At some point most people will find that they need to refinance their mortgage. There are several reasons that they may want to do this. Some of the reasons are good and others not so good, it will be up to you to decide if your reason makes sense financially.
The reason that people most commonly refinance their mortgage is so that they can take the equity out of their house. This can be a very good option if you are in need of money, providing that you are using it responsibly. Refinancing your mortgage and turning the equity into cash is almost certainly going to be the cheapest loan that you will get so it is a much better option than taking an unsecured loan. Many people use the money they get from refinancing for things like paying off their credit cards or renovating their house. In most cases this makes a lot of financial sense, using the money for things like a vacation makes far less sense financially.

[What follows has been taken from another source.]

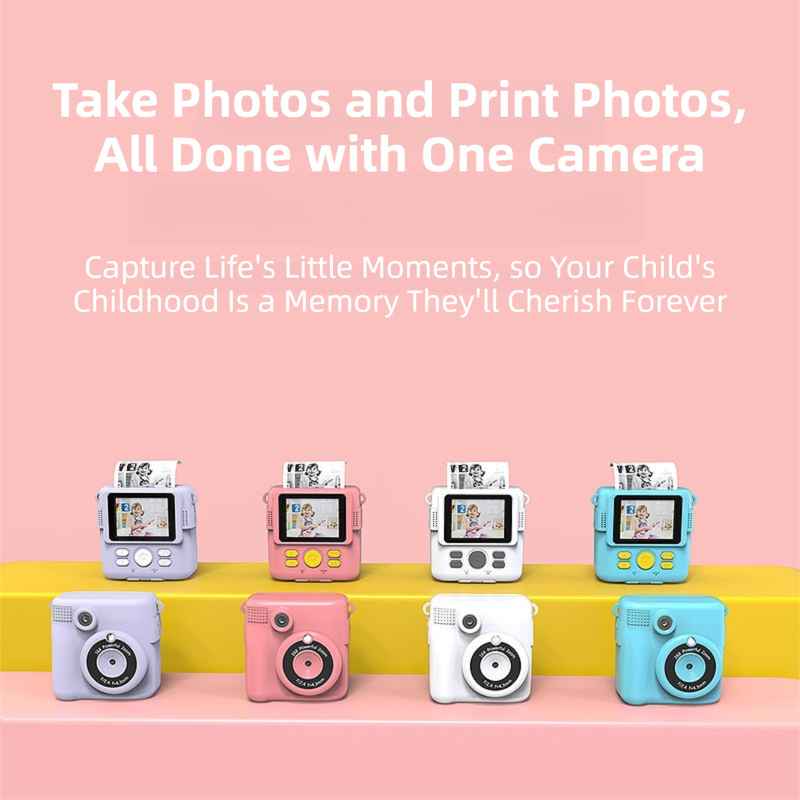 Pink ABS-681 Portable Kids Mini Digital Polaroid with 32GB Card, 3 Rolls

The other reason that people commonly refinance their mortgage is so that they can get a lower interest rate. In some cases this will happen because interest rates have gone down but the more common reason is that they had poor credit when they bought the house and now that their credit has improved they are able to get a better rate. A related reason is that you may fear that interest rates are going to go up, if you have a variable rate mortgage you may want to refinance to get a fixed rate.

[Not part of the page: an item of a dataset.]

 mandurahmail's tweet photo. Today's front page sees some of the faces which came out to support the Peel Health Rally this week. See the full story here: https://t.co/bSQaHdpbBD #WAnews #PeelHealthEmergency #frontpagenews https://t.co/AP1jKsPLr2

It is usually a good idea to refinance your mortgage when you have enough equity in your home to get rid of the private mortgage insurance. When you buy a house if you make a down payment of less than twenty percent you will have to pay this insurance. This is an extra charge that is added to your monthly payments. Once you have enough equity in the house that the loan value would be less than eighty percent of the value of the house you will be able to refinance and no longer have to pay the private mortgage insurance.
Another reason that you may want to refinance your mortgage is to reduce the length of time that it will take you to repay it. If interest rates go down you may find that you are able to switch from a thirty year mortgage to a fifteen year mortgage without raising the amount that you have to pay each month. Alternatively you may be earning more than you were when you took the mortgage allowing you to pay more each month. The best way to reduce the amount that you will pay in interest is to reduce the length of the mortgage. If you can switch from a thirty year to a fifteen year mortgage it will save you tens of thousands of dollars.